The relu operation and addition are element-wise operations: operations that are applied independently to each entry in the tensors being considered. This means these operations are highly amenable to massively parallel implementations (vectorized implementations, a term that comes from the vector processor supercomputer architecture from the 1970-90 period).

In practice, when dealing with NumPy arrays, these operations [element-wide operations] are available as welloptimized built-in NumPy functions, which themselves delegate the heavy lifting to a Basic Linear Algebra Subprograms (BLAS) implementation. BLAS are low-level, highly parallel, efficient tensor-manipulation routines that are typically implemented in Fortran or C.

Drop product of two matrices: dot(X,Y) = (X.shape[0],Y.shape[1]). In general, elementary operations such as translation, rotation, scaling, skewing, and so on can be expressed as tensor operations:

  • Translation: tensor addition
  • Rotation - can be achieved via a dot product with a 2 x 2 matrix: R = [[cos(theta), -sin(theta)], [sin(theta), cos(theta)]]
  • Scaling - a vertical and horizontal scaling of an image can be achieved via the dot product with a 2 x 2 matrix: S = [[horizontal_factor, 0], [0, vertical_factor]] (This is a diagonal matrix)
  • Linear Transform - A dot product with an arbitrary matrix implements a linear transform. Note that scaling and rotation, listed previously, are defined by linear transforms
  • Affine Transform - Am affine transformation (see below) is the combination of a linear transform (achieved via a dot product with some matrix) and a translation (achieved via a vector addition). A Dense layer with an activation function is an affine layer.

Affine Transformation

  • Dense layer with relu activation: An important observation about affine transforms is that if you apply many of them repeatedly, you still end up with an affine transform. As a consequence, a multilayer neural network made entirely of Dense layers without activations would be equivalent to a single Dense layer. This "Deep" neural network would act like a linear model in disguise. This is why we need activation functions, like relu. Thanks to activation functions, a chain of Dense layers can be made to implement very complex, non-linear geometric transformations, resulting in very rich hypothesis spaces for your deep neural networks.

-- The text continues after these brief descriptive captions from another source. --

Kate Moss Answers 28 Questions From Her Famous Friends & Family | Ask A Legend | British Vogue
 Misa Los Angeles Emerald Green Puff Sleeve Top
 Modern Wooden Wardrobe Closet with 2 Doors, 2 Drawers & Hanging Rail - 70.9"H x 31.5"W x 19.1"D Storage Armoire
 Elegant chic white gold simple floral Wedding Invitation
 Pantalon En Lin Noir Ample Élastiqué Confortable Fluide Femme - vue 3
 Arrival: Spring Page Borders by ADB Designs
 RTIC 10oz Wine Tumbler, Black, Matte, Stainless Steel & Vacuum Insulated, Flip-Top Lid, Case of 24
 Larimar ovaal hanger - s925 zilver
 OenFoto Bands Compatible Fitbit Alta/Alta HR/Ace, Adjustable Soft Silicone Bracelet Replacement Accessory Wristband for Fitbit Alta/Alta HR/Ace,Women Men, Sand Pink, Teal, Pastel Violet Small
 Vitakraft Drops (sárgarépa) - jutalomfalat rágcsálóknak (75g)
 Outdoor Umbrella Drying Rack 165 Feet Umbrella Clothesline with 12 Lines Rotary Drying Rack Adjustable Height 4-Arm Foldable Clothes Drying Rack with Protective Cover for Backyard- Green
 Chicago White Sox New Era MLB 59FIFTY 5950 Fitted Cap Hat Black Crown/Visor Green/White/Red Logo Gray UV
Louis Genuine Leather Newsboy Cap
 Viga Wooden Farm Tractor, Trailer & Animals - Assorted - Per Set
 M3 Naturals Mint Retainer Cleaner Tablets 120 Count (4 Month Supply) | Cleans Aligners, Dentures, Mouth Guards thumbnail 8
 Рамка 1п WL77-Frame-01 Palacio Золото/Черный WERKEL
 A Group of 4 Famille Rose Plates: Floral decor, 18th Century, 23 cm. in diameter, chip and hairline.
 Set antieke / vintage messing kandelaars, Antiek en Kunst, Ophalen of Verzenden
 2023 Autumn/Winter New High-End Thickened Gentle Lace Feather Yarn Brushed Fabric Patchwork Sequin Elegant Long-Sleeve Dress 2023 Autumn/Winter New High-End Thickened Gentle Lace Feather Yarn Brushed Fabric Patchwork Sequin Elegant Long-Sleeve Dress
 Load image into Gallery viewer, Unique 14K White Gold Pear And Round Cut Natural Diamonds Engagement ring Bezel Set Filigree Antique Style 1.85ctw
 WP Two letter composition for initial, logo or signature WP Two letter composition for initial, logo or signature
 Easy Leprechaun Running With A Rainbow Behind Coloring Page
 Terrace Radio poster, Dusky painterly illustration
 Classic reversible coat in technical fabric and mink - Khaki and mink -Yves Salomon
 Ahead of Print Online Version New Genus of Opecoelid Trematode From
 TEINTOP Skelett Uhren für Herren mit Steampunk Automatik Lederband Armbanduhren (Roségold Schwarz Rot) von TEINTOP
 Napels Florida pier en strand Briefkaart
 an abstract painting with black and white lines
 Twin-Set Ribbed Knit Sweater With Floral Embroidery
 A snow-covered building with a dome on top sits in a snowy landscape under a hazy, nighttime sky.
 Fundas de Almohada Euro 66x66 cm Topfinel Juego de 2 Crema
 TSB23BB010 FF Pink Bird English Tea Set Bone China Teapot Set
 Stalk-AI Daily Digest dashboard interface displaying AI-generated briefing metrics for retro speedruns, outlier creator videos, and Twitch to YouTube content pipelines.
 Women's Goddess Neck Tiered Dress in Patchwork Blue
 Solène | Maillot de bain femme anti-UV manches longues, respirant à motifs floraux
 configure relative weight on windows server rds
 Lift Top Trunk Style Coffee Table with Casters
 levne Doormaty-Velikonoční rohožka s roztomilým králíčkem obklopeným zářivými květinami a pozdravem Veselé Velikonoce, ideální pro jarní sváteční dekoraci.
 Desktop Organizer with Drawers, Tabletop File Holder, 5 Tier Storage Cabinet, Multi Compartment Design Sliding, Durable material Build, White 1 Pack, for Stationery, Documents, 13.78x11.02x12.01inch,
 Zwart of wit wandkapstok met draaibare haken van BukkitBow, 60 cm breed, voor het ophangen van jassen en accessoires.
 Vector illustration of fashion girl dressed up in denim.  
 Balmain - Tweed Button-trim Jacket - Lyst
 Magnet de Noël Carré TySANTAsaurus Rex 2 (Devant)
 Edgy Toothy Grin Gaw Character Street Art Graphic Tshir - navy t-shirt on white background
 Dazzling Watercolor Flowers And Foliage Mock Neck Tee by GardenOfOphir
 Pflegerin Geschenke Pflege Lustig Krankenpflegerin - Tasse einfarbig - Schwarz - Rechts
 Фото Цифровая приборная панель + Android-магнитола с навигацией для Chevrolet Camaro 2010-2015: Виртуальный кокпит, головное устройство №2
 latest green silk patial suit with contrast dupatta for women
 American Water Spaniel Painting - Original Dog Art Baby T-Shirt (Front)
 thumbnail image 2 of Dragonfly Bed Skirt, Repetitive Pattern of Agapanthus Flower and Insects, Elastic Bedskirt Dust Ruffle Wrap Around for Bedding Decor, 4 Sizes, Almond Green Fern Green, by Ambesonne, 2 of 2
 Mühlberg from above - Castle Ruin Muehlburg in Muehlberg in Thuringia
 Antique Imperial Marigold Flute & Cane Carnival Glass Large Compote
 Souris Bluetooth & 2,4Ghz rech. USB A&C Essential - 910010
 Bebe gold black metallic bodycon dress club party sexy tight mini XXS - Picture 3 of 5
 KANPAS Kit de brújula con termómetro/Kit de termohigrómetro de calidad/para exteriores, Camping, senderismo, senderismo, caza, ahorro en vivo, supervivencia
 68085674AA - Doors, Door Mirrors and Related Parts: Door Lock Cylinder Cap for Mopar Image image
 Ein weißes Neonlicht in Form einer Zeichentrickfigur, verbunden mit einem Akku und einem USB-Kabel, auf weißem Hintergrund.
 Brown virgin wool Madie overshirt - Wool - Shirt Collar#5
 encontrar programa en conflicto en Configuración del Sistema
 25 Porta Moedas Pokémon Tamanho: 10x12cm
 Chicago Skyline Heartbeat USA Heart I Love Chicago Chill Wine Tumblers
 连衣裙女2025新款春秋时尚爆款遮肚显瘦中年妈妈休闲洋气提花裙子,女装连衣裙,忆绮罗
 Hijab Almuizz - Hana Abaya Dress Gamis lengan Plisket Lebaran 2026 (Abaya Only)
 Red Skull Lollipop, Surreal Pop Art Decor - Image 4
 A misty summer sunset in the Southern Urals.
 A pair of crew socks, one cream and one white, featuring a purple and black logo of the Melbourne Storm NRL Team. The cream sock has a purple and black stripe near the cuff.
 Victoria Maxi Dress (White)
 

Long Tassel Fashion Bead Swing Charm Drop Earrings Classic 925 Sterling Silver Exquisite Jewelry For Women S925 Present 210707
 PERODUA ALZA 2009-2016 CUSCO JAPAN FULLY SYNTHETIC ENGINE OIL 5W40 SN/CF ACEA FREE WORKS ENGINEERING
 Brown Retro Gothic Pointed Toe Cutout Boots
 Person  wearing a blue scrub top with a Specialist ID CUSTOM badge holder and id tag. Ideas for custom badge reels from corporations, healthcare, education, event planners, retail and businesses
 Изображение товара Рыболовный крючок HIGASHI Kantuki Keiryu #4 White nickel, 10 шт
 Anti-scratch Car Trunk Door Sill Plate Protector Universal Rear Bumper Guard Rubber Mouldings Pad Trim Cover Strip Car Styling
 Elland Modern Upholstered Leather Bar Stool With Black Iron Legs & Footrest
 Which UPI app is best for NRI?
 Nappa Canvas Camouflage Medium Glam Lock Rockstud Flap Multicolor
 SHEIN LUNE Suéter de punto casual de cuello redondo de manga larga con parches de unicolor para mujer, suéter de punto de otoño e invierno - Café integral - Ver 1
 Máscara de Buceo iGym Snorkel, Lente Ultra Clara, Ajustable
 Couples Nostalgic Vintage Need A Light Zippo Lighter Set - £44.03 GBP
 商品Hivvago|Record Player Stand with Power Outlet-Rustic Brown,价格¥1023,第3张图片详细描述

Affine Transform followed by relu activation

You can interpret a neural network as a ery complex geometric transformation in a high-dimensional space, implemented via a series of simple steps. Machine learning is about finding neat representations for complex, highly folded data manifilds in high-dimensional spaces (a manifold is a continuous surface, like a crumpled sheet of paper).

the Engine of Neural Networks: Gradient Based Optimization

Each neural layer form the first model example transforms the input data as follows: output = relu(dot(input,W) + b). W and b are attributes of the layer. They're called the wights or trainable parameters of the layer (the kernel and bias attributes, respectively). These weights contain the information learned by the model from exposure to training data. Initially, these wights are filled ith small random values (a step called wight initialization). What comes next is to gradually adjust these weights, based on a feedback signal. This gradual adjustment, also called training, is the learning that machine learning is all about. This happens within what's called a training loop, which works as follows:

  1. Draw a batch of training samples, x, and corresponding targets y_true
  2. Run the model on x (a step called the forward pass) to obtain predictions, y_pred.
  3. Compute the loss of the model on the batch, a measure of the mismatch between y_true and y_pred
  4. Update all the wights of the model in a way that slightly reduces the loss on this batch.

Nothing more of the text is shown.